Sunday, September 7, 2008

Yellow rust or stripe rust

Stripe or yellow rust of wheat caused by P. striiformis f. sp. tritici can be as damaging as stem rust. However, stripe rust has a lower optimum temperature for development that limits it as a major disease in many areas of the world. Stripe rust is principally an important disease of wheat during the winter or early spring or at high elevations.

Symptoms of stripe rust are long stripes of small yellowish orange pustules on the leaves. These pustules consist of masses of rust spores. It can sometimes be confused with leaf rust or stem rust. Note that stem rust can occur on both the stems and the leaves of susceptible varieties. Stripe rust also goes by the name of yellow rust because it is a slightly lighter color than leaf rust or stem rust. Sometimes stripe rust symptoms are confusing on moderately resistant varieties because pustules may be hard to see or absent. In that case, symptoms can resemble bacterial leaf streak (black chaff) or Septoria leaf blotch.



Figure: Moderately Susceptible (typical striped appearance with no browning), Moderately Resistant (long brown lesions but few active pustules), Very Susceptible (stripes coalesced)

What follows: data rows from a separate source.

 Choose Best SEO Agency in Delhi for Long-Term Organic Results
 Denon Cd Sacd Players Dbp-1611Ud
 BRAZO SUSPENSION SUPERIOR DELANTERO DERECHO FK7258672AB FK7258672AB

Puccinia striiformis has the lowest temperature requirements of the three wheat rust pathogens. Minimum, optimum and maximum temperatures for stripe rust infection are 0°, 11° and 23°C, respectively.





Hosts
Puccinia striiformis is a pathogen of grasses and cereal crops: wheat, barley, triticale and rye.





Alternate hosts
Only the telial and uredinial stages of stripe rust are known.

Life cycle
Puccinia striiformis is most likely a hemiform rust in that the life cycle seems only to consist of the uredinial and telial stages. Uredia develop in narrow, yellow, linear stripes mainly on leaves and spikelets. When the heads are infected, the pustules appear on the inner surfaces of glumes and lemmas.

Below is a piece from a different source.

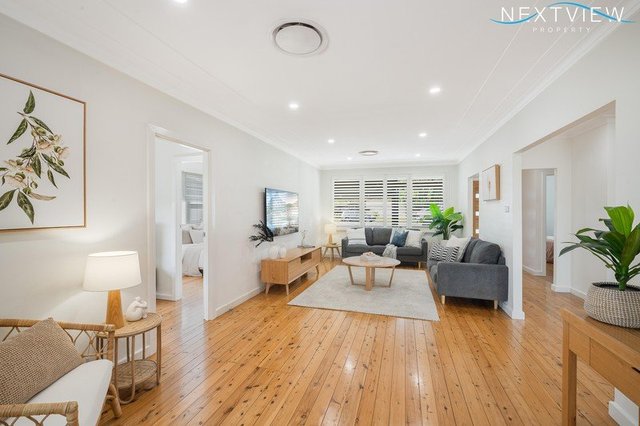 6 Madison Drive, NSW 2289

The urediniospores are yellow to orange in colour, more or less spherical, echinulate and 28 to 34 µm in diameter. Narrow black stripes are formed on leaves during telial development. Teliospores are dark brown, two-celled and similar in size and shape to those of P. triticina. Stripe rust populations can exist, change in virulence and result in epidemics independent of an alternate host. Urediniospores are the only known source of inoculum for wheat, and they germinate and infect at cooler temperatures.



Disease cycle
Stripe rust over-summers on volunteer wheat. In the fall and winter it may develop in the southern U.S. near the Gulf coast on newly seeded wheat. In the spring, rust spores may blow north to the Central Plains. It is favored by cool, humid weather. Disease development is most rapid between 50 and 60 F. The disease is inhibited when night time temperatures get above 65 F or we have several days in a row in the mid 80's.

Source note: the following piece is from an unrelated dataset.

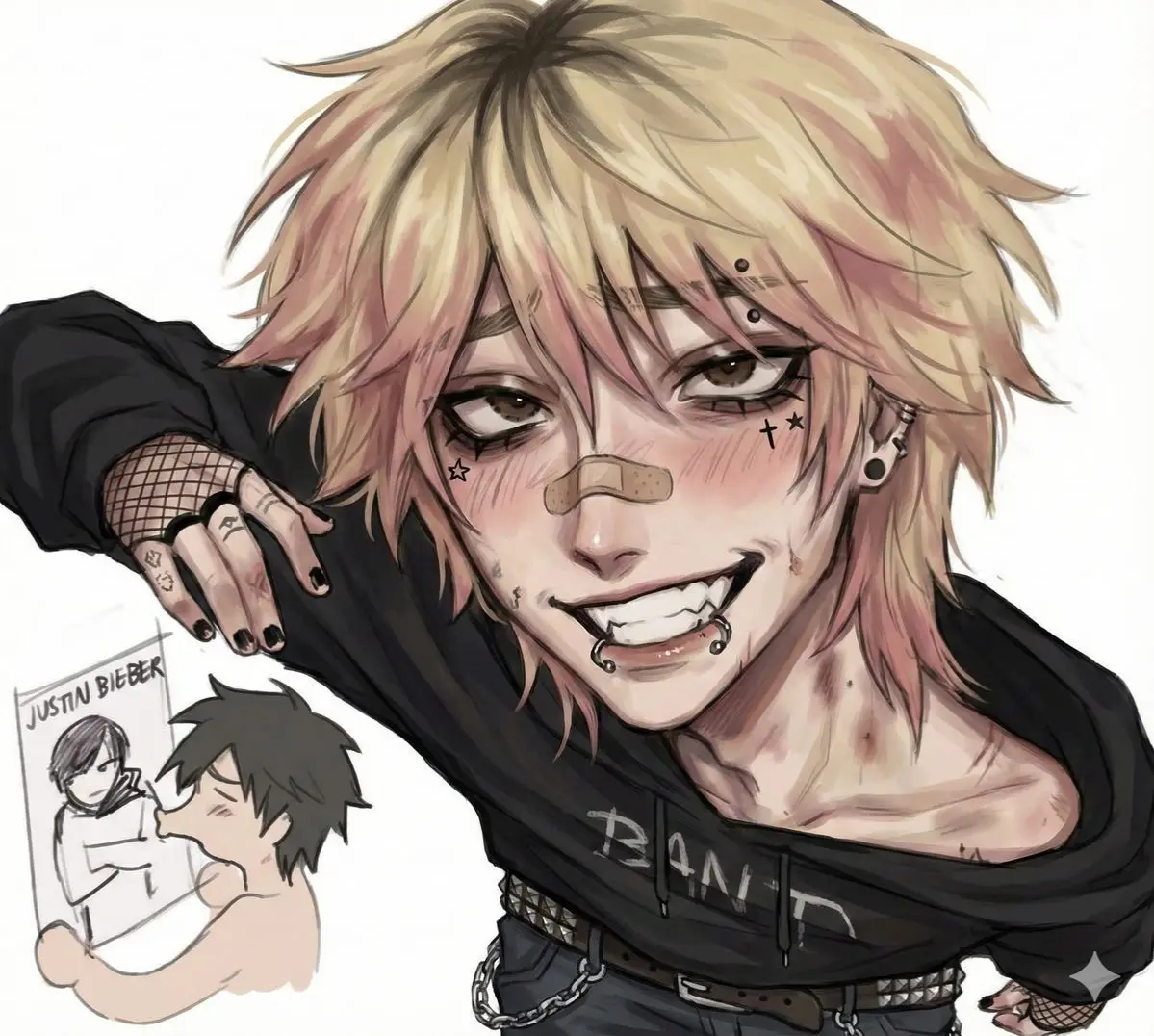 Avatar of Lukas Davis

In central regions, such as Kansas, seldom have a significant problem with stripe rust for several reasons. First, stripe rust apparently does not over-winter in these areas so it must blow up from the south. In most years, there is not much stripe rust in south areas such as Texas or Oklahoma. Second, most of varieties have good resistance to stripe rust. Third, hot weather in May usually puts a halt to the epidemic before significant economic damage occurs.

Control

Control of stripe rust is through use of resistant varieties. Fortunately, most varieties in the Central Plains have good resistance. Foliar fungicides are essentially never used for stripe rust in most united states. However, Tilt, Quadris, and Stratego fungicides are all labeled for control of rusts, including stripe rust. Stratego has an early cut-off (flag leaf emergence), but Quadris and Tilt can be applied through fully headed.

Disease resistance





Historically Wilhelmina, Capelle-Desprez, Manella, Juliana and Carstens VI genotypes have maintained some resistance for many years. Most cultivars have remained resistant for five years or more, which is about the agronomic lifespan of a cultivar where an active breeding programme exists. However, some cultivars have rusted before they were grown on more than a fraction of the cultivated acreage. In most, if not all the cases, the failures have been due to inadequate knowledge of the virulences present in the pathogen population. In other cases, mutations or perhaps a recombination of existing virulence combinations occurred and rendered the host susceptible. In some instances, the disease screening protocol is inadequate to identify and select the resistant wheat lines. Yellow rust resistant genes are designated as Yr genes.